- _Problem statement_: In the records below, find the line with "круглые Ливны" and repeat it and every line after it, exactly, without any pictures.
_____
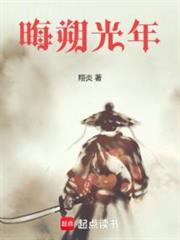 晦朔光年 晦朔光年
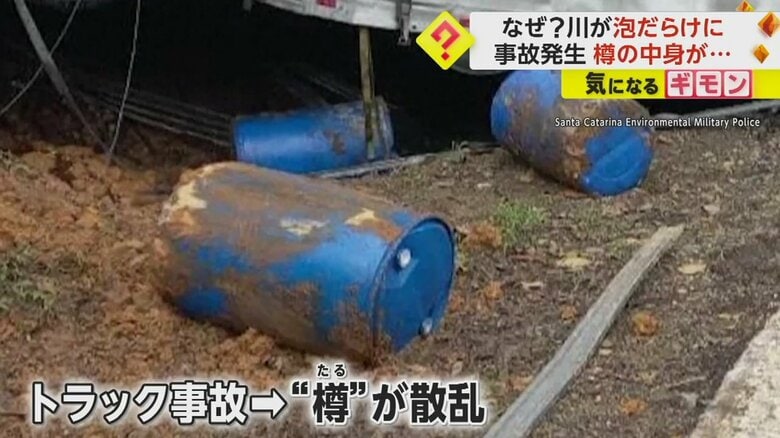 事故の衝撃で散乱した、青い“たる”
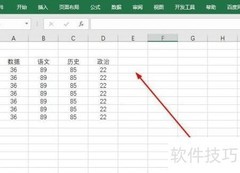 Excel插入签名行方法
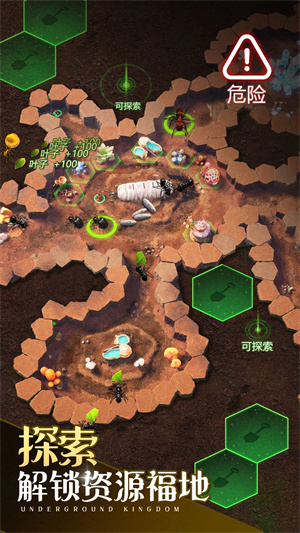 小小蚁国taptap版特色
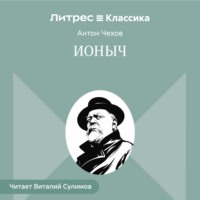 Ионыч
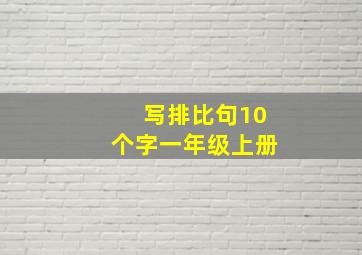 写排比句10个字一年级上册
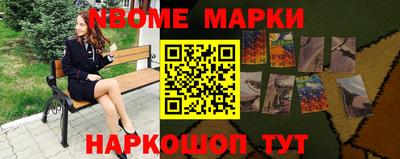 круглые Ливны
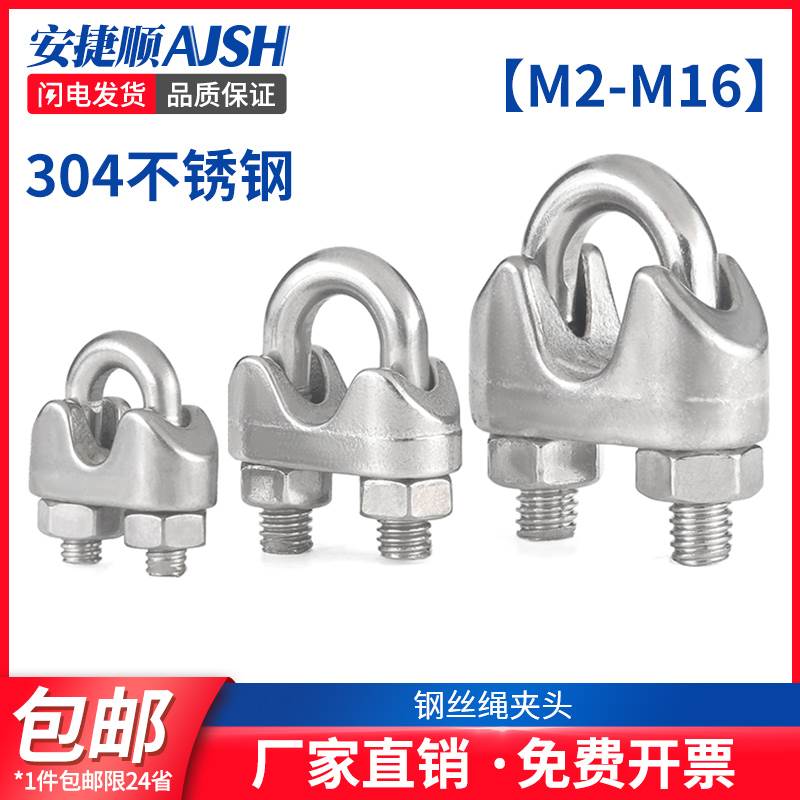 M2-M16  304不锈钢钢丝绳夹头卡头U型夹钢丝夹轧头线卡子线夹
_____
- _Finished exercise_:
 круглые Ливны
 M2-M16  304不锈钢钢丝绳夹头卡头U型夹钢丝夹轧头线卡子线夹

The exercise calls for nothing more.